## Data block
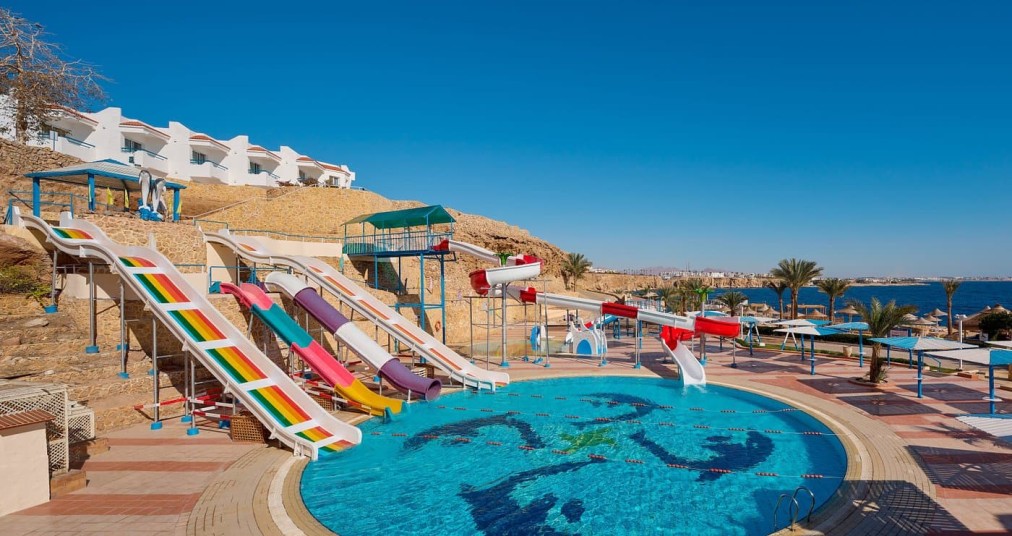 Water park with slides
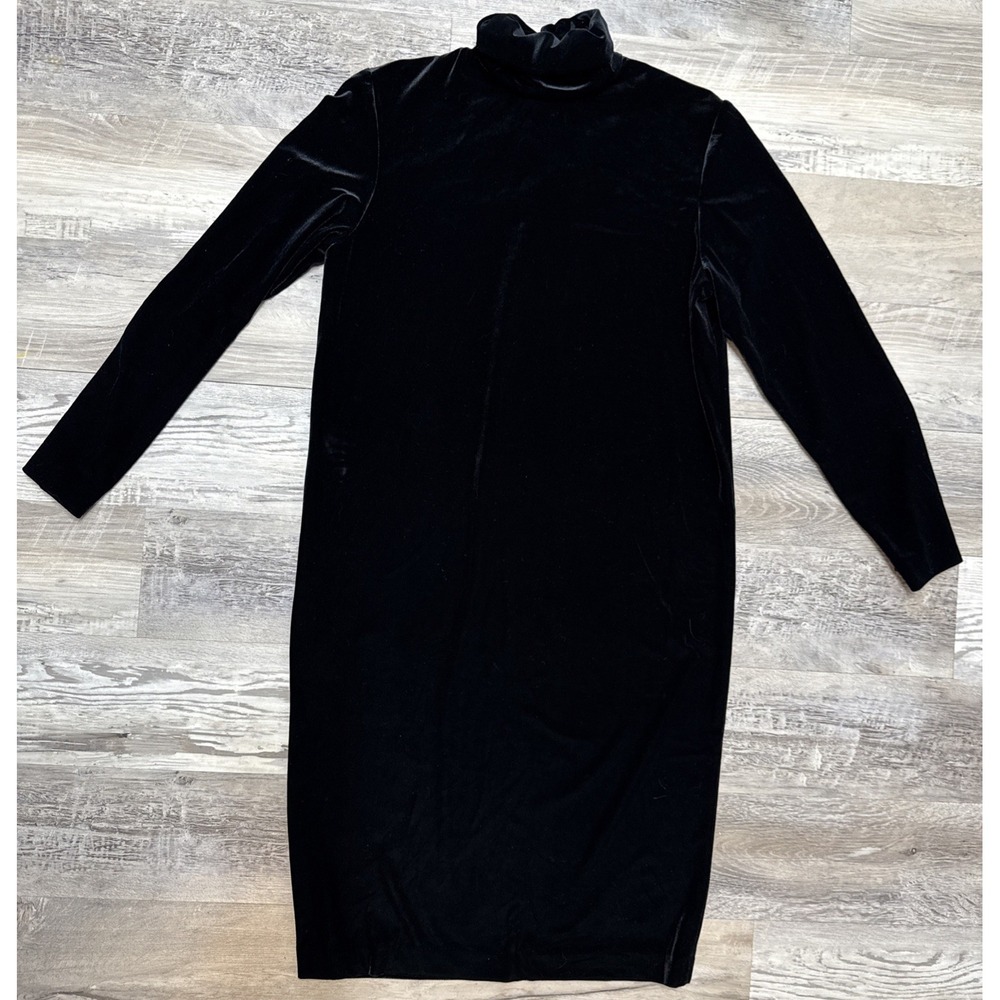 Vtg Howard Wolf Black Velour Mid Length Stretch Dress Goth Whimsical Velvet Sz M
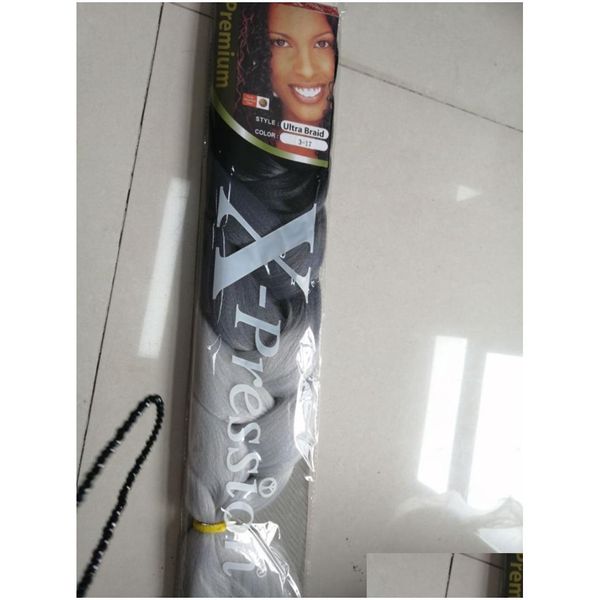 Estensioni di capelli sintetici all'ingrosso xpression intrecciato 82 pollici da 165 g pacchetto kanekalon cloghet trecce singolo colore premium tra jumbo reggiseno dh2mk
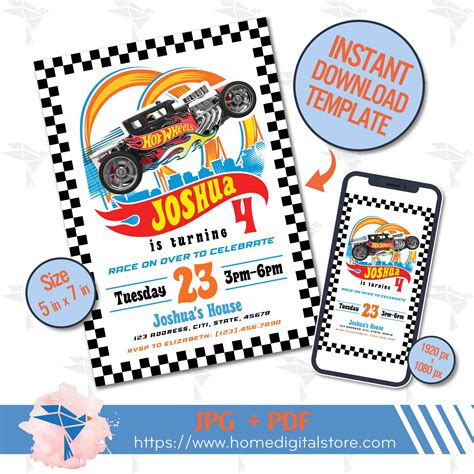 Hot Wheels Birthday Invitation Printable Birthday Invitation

## Required action
Retype all the data exactly; skip the pictures.

## Your solution
 Water park with slides
 Vtg Howard Wolf Black Velour Mid Length Stretch Dress Goth Whimsical Velvet Sz M
 Estensioni di capelli sintetici all'ingrosso xpression intrecciato 82 pollici da 165 g pacchetto kanekalon cloghet trecce singolo colore premium tra jumbo reggiseno dh2mk
 Hot Wheels Birthday Invitation Printable Birthday Invitation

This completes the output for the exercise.